We have tested all the configuration options we can think of on the network side and do not see anything that should be the culprit.

  • The VPN tunnel routes correctly between both VPCs. We even added route 10.42.0.0 255.255.0.0 just to test and no luck
  • 100% the security groups on the host machines are correct (UDP ports 500/4500 open, etc)
  • We also added the 10.42.0.0 network to our route tables to point to the VPN

Trace route:

  • Tracing route from container on VPC West to Physical Host IP on VPC East shows routing first to 172.17.., then to the VPN on the West, then to the VPN on East (as it should)
  • Tracing route from container on VPC West to a container on VPC East, however, shows routing through 10.42.. and then just stops.

Additional info:

  • We ran a test where we added two hosts to rancher using their public IPs, one to each VPC. Containers on those machines are able to successfully communicate cross-VPC.

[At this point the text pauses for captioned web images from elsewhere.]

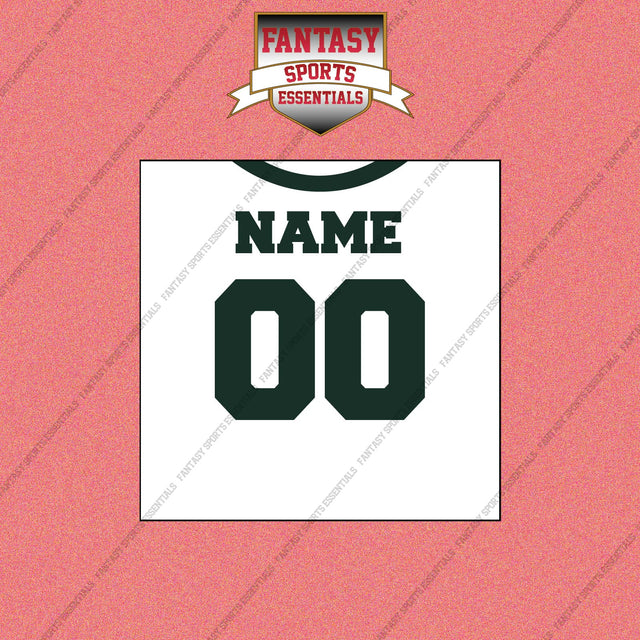2000s New York Jets Personalized Away Jersey Wall Art Prints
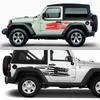 Боковые наклейки на двери автомобиля для Jeep Wrangler JK JL TJ YJ Unlimited Sahara Rubicon Автомобильная графика DIY Декор Флаг США Наклейка Аксессуары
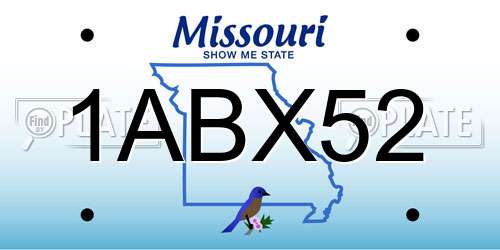 1ABX52 Missouri License Plate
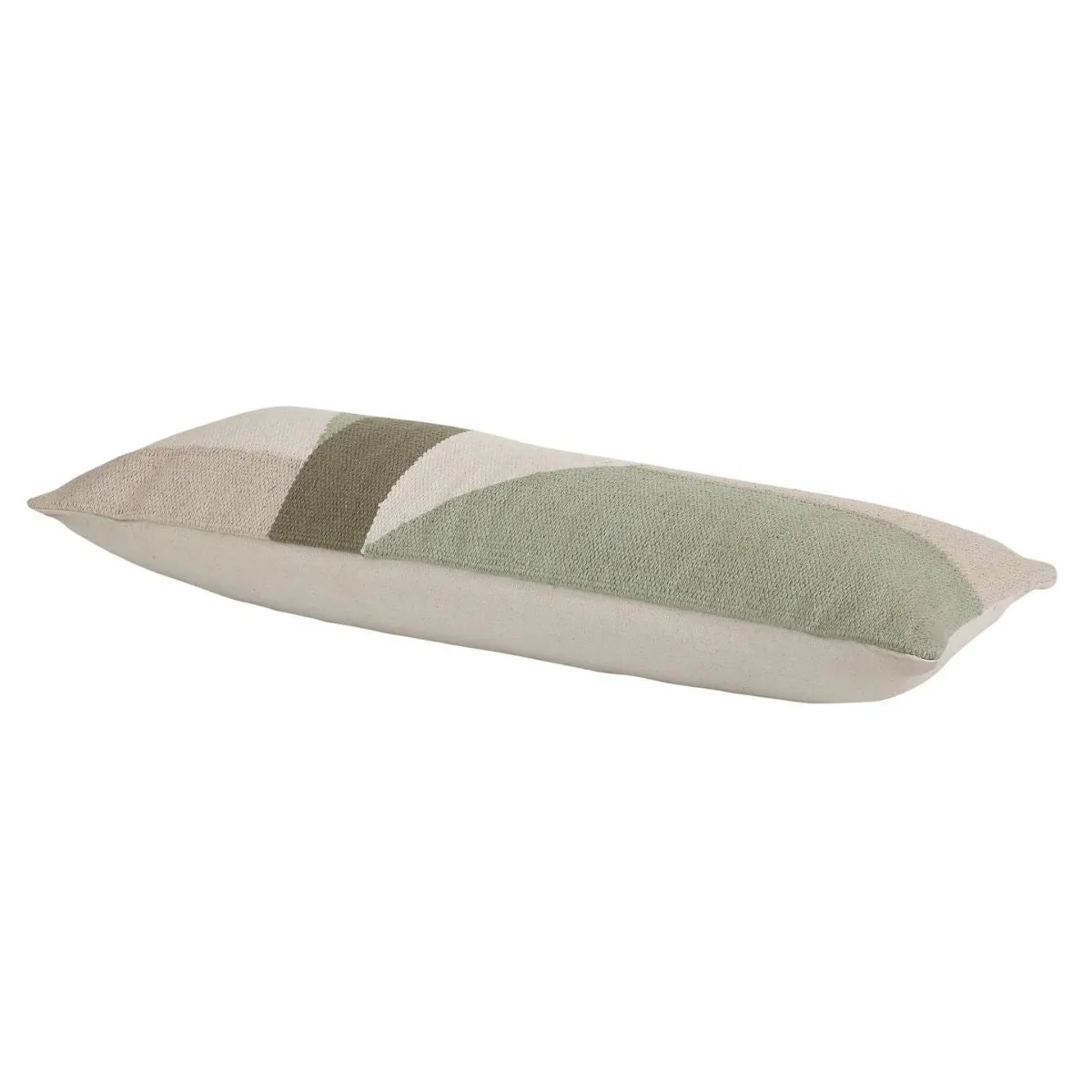 Geo Shapes Cotton Hand Loomed Lumbar Pillow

FWIW, we too had a similar issue with two preexisting ubuntu machines where we ran the rancher/agent container. The containers on those two machines simply could not communicate.

We then deployed two new machines from within Rancher and found that the new machines worked!

The investigation went something like:

  • Our test case was as follows: click “Execute shell” on the “Network Agent” container on machine1. Type ping <ip-of-network-agent-on-machine-2>. We knew this had to work, but simply didn’t.
  • The iptables rules on both machines were fine, and we were able to verify this by running an nc -ul 501 on machine1 and echo hello | nc -u localhost 501 on machine2.
  • On machine1, list the ipsec configurations: swanctl --list-conns. Note that there is a configuration for machine2 (so the rancher agent was doing its job).
  • Then, list the ipsec active tunnels: swanctl --list-sas. We noted that there was no active tunnel (see image below)
  • Next we checked the ipsec logs: cat /var/log/rancher-net.log. I don’t have them at hand now but whenever we saw an attempt to establish the tunnel, it quickly errored out with: “No such file or directory”.
  • That error message isn’t particularly useful but a google search led us to believe it was a missing kernel module on the host machine itself. Sure enough, we ssh’ed to the host (machine1) and tried a quick modprobe: modprobe authenc. We got back a “No such file or directory” error.
  • We then tried: depmod -a and still got: depmod: FATAL: could not search modules: No such file or directory.
  • At this point it was clear that we had an outdated kernel and our modules had probably been cleaned (ubuntu machine).
  • The final solution was a simple upgrade of linux-image and a quick reboot.

While it may not be the same problem you’re experiencing, I’m writing here as our investigation may help others to diagnose their issues.